A man diagnosed with an illness so painful it has been nicknamed 'the suicide disease' says the only thing that stopped him taking his own life was the thought of leaving his partner and son. Andrew Lawton's first symptom came in February 2019 when his knee buckled underneath him.

After that, the slightest touch of his leg would result in severe bruising and ulcers; even putting on bandages would cause the skin to die. Andrew stopped going outside, fearing his wounds would cause other people distress as he couldn't cover them. Every drop of rain would cause the skin on his leg to burn.

Clothes and blankets cause him excruciating pain in his leg. The dad-of-one was sacked from his job when his boss said he was too slow to walk down the stairs during a fire drill at the office. He won a discrimination claim and more than £30,000 compensation, reports The Mirror.

Andrew, from Leigh, Lancashire, was eventually diagnosed with CRPS - Chronic Regional Pain Syndrome.

Andrew is getting his life back (Image: Julian Hamilton/Daily Mirror)

He had an above knee amputation (Image: Andrew Lawton)

IT manager Andrew said: "I was in extreme pain 24 hours a day for three and a half years. It felt like someone was giving me a Chinese burn, like your skin was being pulled in two different directions, it's that burn you feel all the time.

"I had deep bruising from my thigh to my foot and it just got progressively worse day by day, the bruising and the ulcers were like torture.

"CRPS is unusual so they had to test me for everything else first, I was put on controlled narcotics for the pain, but they had to keep upping the dose and by the end I was on six different ones at the maximum dose, which would just start to take the edge off."

Before CRPS, Andrew would volunteer at Formula 1 races, jumping over the barriers after crashes, and would also Scuba dive.

The bruising went from his thigh to his foot (Image: Andrew Lawton)

Ulcers would appear all over his leg (Image: Andrew Lawton)

"I just shut myself off from the world and stopped all my hobbies.

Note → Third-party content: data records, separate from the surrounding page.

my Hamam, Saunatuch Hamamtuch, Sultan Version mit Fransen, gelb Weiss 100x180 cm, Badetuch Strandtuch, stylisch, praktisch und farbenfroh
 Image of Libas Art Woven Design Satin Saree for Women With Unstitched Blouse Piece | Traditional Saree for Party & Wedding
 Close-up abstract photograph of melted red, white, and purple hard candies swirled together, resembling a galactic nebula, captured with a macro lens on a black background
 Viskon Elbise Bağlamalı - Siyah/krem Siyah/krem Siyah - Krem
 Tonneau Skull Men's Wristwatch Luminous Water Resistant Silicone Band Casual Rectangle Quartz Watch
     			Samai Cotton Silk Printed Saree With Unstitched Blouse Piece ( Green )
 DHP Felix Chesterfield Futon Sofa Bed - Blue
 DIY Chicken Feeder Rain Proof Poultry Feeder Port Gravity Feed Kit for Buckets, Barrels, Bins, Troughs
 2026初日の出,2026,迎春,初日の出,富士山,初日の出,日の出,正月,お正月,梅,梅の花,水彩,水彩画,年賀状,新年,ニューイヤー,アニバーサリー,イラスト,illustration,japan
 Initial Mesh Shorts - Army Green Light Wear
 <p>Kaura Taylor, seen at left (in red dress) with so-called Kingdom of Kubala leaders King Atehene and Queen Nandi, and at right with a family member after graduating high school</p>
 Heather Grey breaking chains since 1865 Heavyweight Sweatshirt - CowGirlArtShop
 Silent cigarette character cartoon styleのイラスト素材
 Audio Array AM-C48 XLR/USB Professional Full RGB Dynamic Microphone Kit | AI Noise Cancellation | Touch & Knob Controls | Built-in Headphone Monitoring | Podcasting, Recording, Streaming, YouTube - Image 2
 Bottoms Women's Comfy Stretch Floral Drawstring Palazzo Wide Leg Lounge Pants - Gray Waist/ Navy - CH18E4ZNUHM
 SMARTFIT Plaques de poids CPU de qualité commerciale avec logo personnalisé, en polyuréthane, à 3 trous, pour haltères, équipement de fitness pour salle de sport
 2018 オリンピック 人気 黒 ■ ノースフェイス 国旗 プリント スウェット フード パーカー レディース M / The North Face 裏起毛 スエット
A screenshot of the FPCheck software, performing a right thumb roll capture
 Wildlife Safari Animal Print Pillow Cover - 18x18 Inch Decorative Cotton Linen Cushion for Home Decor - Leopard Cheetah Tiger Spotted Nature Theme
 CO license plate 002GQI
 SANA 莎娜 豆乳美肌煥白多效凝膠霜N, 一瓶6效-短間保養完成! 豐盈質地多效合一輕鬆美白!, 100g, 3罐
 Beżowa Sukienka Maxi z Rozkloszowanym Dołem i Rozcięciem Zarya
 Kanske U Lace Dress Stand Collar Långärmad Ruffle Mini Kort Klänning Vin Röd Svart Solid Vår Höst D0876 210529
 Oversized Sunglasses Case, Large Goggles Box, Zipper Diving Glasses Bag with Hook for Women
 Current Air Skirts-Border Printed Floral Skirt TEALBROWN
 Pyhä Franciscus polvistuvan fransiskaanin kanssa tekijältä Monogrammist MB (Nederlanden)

It was like my world had shrunk.

"It's called the suicide disease and I had been down that route three or four times, especially towards the end.

"I knew my pain would be gone, but I'd just be passing that pain onto the ones I love, my partner Amy and my 16-year-old Tyler, who is doing his GCSEs now.

"I'm the main breadwinner, I couldn't leave them behind to deal with that."

By June last year Andrew was in so much pain he blacked out, and was found unconscious on his kitchen floor by his partner who called 999. While waiting for the ambulance, he came round, but immediately passed out again, as his body shut down.

Andrew cried when he was finally pain free (Image: Julian Hamilton/Daily Mirror)

Over the next two days, he was in and out of consciousness in hospital. Doctors struggled to get to grips with his pain medication, and the decision to go ahead with an above-the-knee leg amputation was confirmed.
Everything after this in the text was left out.